Produkcja podzielona jest na dwa główne tryby rozgrywki: Rajd muzyczny oraz Mapę świata. W pierwszym z nich bierzemy udział w wyścigu w rytm przygrywającej melodii. Wybierać możemy spośród trzech konkretnych gatunków muzyki — głównie klasycznej zremiksowanej w stylu house i mocnym basem, aby wzmocnić emocje związane z wyzwaniem. Zazwyczaj wyścig rozgrywany jest w określonych limitach czasowych. Zaliczenie każdego punktu kontrolnego doda dodatkowe +30 uderzeń w kierunku licznika nut, gdzie od końcowego wyniku zależeć będzie jaki puchar zdobędziemy. Z kolei Mapa świata jest główną atrakcją i miejscem, w którym spędzimy większość czasu. Po wpisaniu pseudonimu, wybraniu poziomu trudności i schematu sterowania otrzymujemy długą sekwencję napisów początkowych pokazującą historię samochodów i wyścigów, której kulminacją jest materiał filmowy z gry.

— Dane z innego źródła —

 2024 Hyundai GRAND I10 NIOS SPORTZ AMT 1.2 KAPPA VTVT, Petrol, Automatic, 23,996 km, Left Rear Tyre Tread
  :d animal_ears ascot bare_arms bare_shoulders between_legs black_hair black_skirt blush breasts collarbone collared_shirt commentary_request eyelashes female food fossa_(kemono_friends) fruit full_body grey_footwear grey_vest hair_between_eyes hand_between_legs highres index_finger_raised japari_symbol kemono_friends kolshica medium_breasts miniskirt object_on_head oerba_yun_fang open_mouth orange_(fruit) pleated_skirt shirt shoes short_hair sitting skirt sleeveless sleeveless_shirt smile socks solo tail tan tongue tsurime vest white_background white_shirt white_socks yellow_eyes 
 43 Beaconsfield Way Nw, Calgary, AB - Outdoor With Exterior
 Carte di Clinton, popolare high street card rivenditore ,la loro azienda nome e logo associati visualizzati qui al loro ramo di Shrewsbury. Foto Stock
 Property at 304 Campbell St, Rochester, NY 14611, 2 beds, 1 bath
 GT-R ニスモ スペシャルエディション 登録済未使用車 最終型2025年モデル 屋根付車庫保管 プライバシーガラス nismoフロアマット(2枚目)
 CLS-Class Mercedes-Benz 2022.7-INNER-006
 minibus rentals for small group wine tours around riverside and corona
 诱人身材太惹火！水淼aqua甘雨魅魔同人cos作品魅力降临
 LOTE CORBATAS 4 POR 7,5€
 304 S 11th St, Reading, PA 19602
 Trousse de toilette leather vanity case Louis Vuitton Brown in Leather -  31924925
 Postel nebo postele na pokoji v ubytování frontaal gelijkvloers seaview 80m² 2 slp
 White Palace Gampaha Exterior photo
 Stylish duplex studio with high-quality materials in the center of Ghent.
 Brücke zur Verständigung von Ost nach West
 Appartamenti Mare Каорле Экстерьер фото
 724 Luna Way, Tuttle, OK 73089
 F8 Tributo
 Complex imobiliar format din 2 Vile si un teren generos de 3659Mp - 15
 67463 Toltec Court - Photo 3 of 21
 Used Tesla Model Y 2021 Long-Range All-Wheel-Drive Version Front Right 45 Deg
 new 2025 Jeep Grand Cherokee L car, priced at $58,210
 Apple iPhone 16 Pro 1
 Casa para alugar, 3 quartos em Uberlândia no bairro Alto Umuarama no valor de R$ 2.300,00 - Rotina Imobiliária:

Po zakończeniu tego procesu dokonamy pierwszego zakupu auta od dealera używanych samochodów. Następnie gra skieruje gracza do kawiarni na swoje pierwsze zadanie — w tym przypadku zwane jako „menu”. Jest to sposób, w jaki przechodzimy grę i odblokowujemy w zasadzie wszystko. Większość z zadań wymagać będzie zebranie zestawu trzech samochodów poprzez kończenie wyścigów, podczas gdy kilka innych zadań zaangażuje nas w systemy, które właśnie zostały odblokowane, m.in. będzie to sklep z częściami, serwis tuningowania aut, a nawet bardzo rozbudowany tryb fotograficzny. Po ukończeniu danego menu uświadczymy krótką lekcję historii na temat zebranych samochodów, nagrodę w postaci losu, oraz następne zlecenie. Kolejne wyścigi, to kolejne tryby do odblokowania w tym multiplayer zarówno lokalny, jak i online, salon sprzedaży luksusowych pojazdów, czy tak zwane misje. System ten ma swoje zalety, jak i wady. Przykładowo, jeśli będziemy chcieli od razu pościgać się w sieci, konieczne będzie rozegranie kilka etapów w kampanii, aby podnieś swój poziom kolekcjonera, spędzając w grze około trzech godzin, co z pewnością nie każdemu się spodoba. Z czasem tryb kampanii staje okrutnie powtarzalny i co najgorsze nie pozwala pościgach się znacznie mocniejszymi maszynami. Warto także pamiętać, że produkcja wymaga stałego połączenia internetowego nawet w przypadku gry w kampanii dla pojedynczego gracza, co również dla wielu osób będzie mieć negatywny wydźwięk.

ZOBACZ W YOUTUBE

Przechodząc dalej, nowa część cyklu to skarbnica dla miłośników samochodów, która oferuje kolekcję ponad 400 pojazdów, od historycznych modeli po współczesne molochy, a zdecydowana większość z nich, bo aż 162 modele pochodzi z Japonii. Chociaż ta liczba nie jest największą, jaką ta seria kiedykolwiek miała w ofercie, to i tak jest to o wiele więcej niż Gran Turismo Sport w momencie premiery. Większość pojazdów zdobywamy, wygrywając wyścigi, wykonując specjalne wyzwania, losując otrzymane kupony, bądź po prostu kupując je za zdobyte kredyty. Gracze, którzy będą chcieć dodać każdy samochód dostępny w grze do swojej kolekcji, muszą uzbroić się w znaczną ilości czasu i nie mniej poświęcenia. Dziwną natomiast decyzja jest brak możliwości sprzedaży posiadanych aut. Gra pozwala tylko na usuwanie pojazdów, które mamy już w swoim garażu. 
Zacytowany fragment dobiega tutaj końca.